To understand where things stand, consider that the nation’s lawmakers passed the Genetic Engineering Regulatory Act (GERA) in November 2018. Yet it remains unsigned by the nation’s president, who has given little reason to suggest that’s going to change any time soon.

And even if it were signed, GMO proponents are worried about some elements of the law, including what’s known as clause 35, which deals with liability issues. In the event there is any harm to the environment or human health, the act presumes guilt for any person or company holding a patent for the genetically engineered product accused of causing the problem.

There is hope, however, that successful use of genetically engineered Ebola vaccines could encourage GMO doubters to reconsider their opposition. Since the Ebola outbreak in DR Congo started in August 2018, 1,700 people have died. The World Health Organization has declared the situation a Public Health Emergency of International Concern (PHEIC). Ugand grew increasingly concerned in May and June, after the hemorrhagic fever surfaced and killed three people in western region close to DRC. A few weeks later, WHO’s director-general, Dr.

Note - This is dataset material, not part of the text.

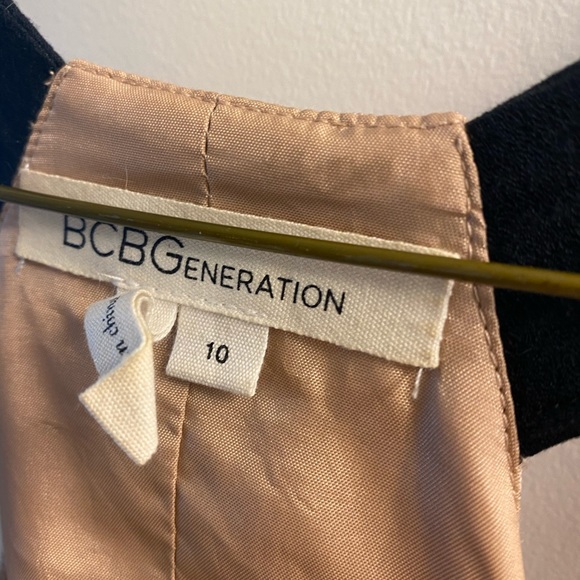 Gently worn pink BCBG dress. Size 10 with black straps. - Picture 3 of 6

Tedros Adhanom Gibreyesus, visited Kampala  to assess Uganda’s Ebola surveillance, preparedness and response.

The WHO chief met with Uganda’s president, Gen. Yoweri Museveni, at the State House in Entebbe. Discussions are said to have centered on the proposed use of the experimental vaccine, known as recombinant Vesicular Stomatitis Virus (rVSV), which had been stocked in Uganda’s National Medical Stores (NMS). And experimental treatment was used during recent outbreaks in Guinea, Sierra Leone and DR Congo.

Approval of the vaccine was granted the state-run Uganda National Council for Science and Technology (UNCST) and its National Biosafety Committee (NBC); the National Drug Authority (NDA) which regulates medicines; and the Uganda Virus Research Institute (UVRI), the lead agency that tests and detects Viral Haemorrhagic Fever (VHF) cases in Uganda, including Ebola.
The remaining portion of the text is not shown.